Joining large data on ranged indexies

Database

Joining large data on ranged indexies


Hey Guys,


I'm running into speed issue with one of my joins on large datasets.


CREATE TABLE table_A (


  table_a_id INTEGER,


  ...


  lookup_idx INTEGER


) PRIMARY INDEX(table_a_id)


CREATE TABLE table_B (


  table_b_id INTEGER,


  start_lookup_idx INTEGER,


  end_lookup_idx INTEGER,


  some_data VARCHAR(50),


  ...


) PRIMARY INDEX(table_b_id)


I am trying to join a large table (10,000,000+ rows) with a lookup table in the most efficient way possible with a BIGINT (lookup_idx).  However the lookup table isn’t indexed by lookup_idx, but by two columns that give a range (start_lookup_idx, end_lookup_idx).  There are no overlaps for any of the ranges.


select 


  a.table_a_id,


  b.some_data


from table_A a


  left join table_B b on a.lookup_idx >= b.start_lookup_idx 


    and a.lookup_idx <= b.end_lookup_idx


This query runs far too slow.  I know that algorithmically, teradata shouldn’t have to do a full table scan for every lookup if it's using ordered indexies, but that’s what it’s doing.  Does anyone know how to make this query work correctly?

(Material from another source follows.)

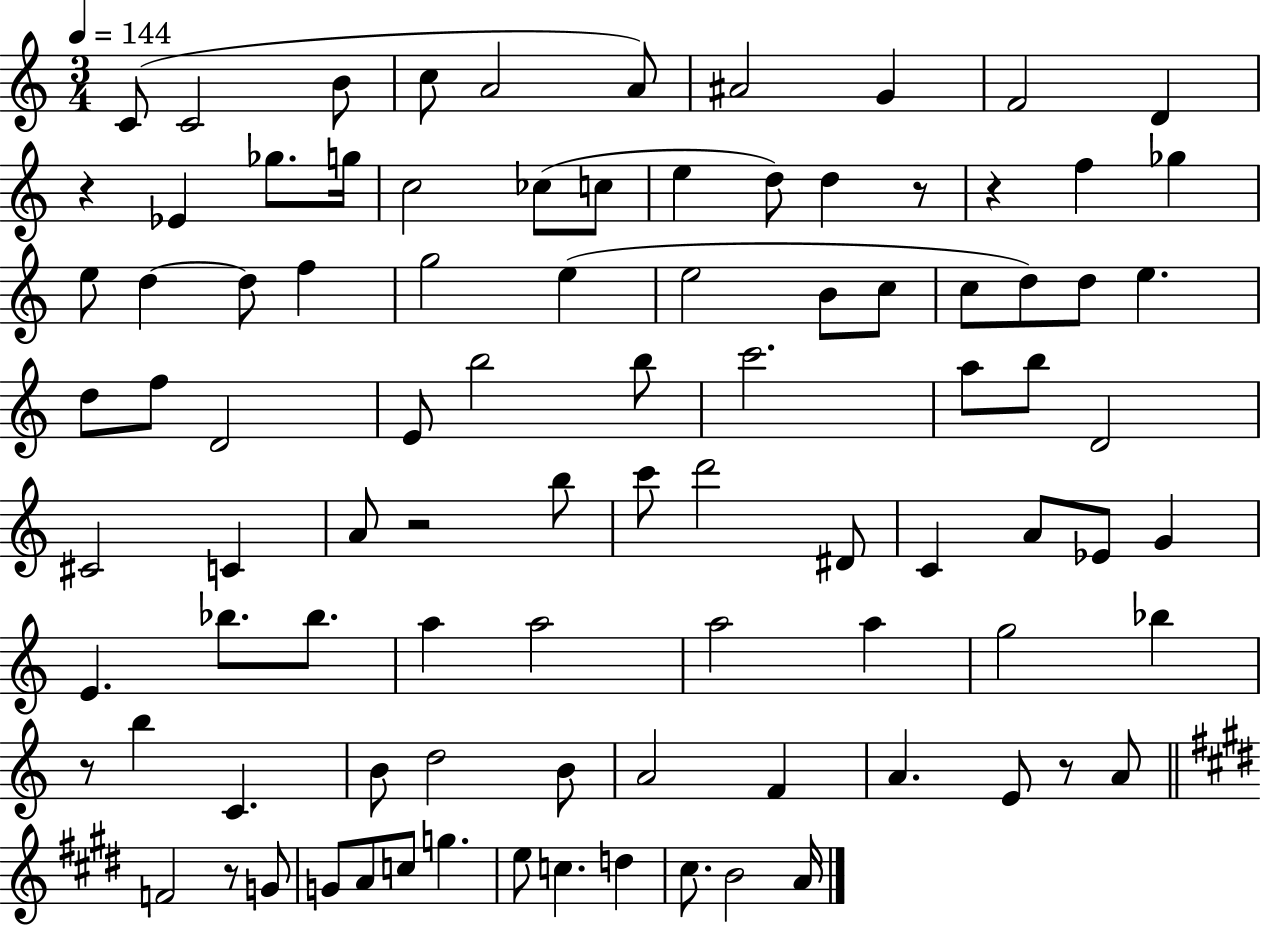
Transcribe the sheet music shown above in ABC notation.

Currently I have a work around where I have built an intermediate table which denormalizes all possible lookup_idx values and has a foreign key into table_B.  This query runs fast enough, but the intermediate table is much to large for me to hold onto indefinitely.


Any thoughts?


3 REPLIES
Supporter

Re: Joining large data on ranged indexies

Can you share the explain of your query?

Which stats are collected?

just for my understanding...

all  lookup_idx between start_lookup_idx and end_lookup_idx will have the same lookup value. Where and how is lookup_idx set in table_a?

If you all lookup_idx between all  between start_lookup_idx and end_lookup_idx  would be set to  start_lookup_idx (or all to  end_lookup_idx ) you would be able to do an equal join with the same result - and maybe benefit from stats...

Teradata Employee

Re: Joining large data on ranged indexies

This is most probably a product join.    Is there a way to introduce "table_b_id" field into TableA, from the LDM perspective?  

It might be tricky to update the tableA during ETL when the lookup tableB is updated, but it might be better than lots of queries with product joins.

p.s. 10mln rows is not a large table for Teradata in most cases. ;)

Supporter

Re: Joining large data on ranged indexies

By the way - how many rows contain your lookup table?